Synopses & Reviews
Dietrich Bonhoeffer publicly confronted Nazism and anti-Semitic racism in Hitlers Germany. The Reichs political ideology, when mixed with theology of the German Christian movement, turned Jesus into a divine representation of the ideal, racially pure Aryan and allowed race-hate to become part of Germanys religious life. Bonhoeffer provided a Christian response to Nazi atrocities.

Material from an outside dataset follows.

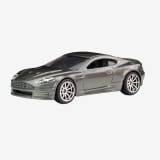 Hot Wheels Retro Entertainment Casino Royale 007 Aston Martin DBS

In this book author Reggie L. Williams follows Bonhoeffer as he defies Germany with Harlems black Jesus. The Christology Bonhoeffer learned in Harlems churches featured a black Christ who suffered with African Americans in their struggle against systemic injustice and racial violence—and then resisted. In the pews of the Abyssinian Baptist Church, under the leadership of Adam Clayton Powell, Sr., Bonhoeffer absorbed the Christianity of the Harlem Renaissance. This Christianity included a Jesus who stands with the oppressed rather than joins the oppressors and a theology that challenges the way God can be used to underwrite a union of race and religion.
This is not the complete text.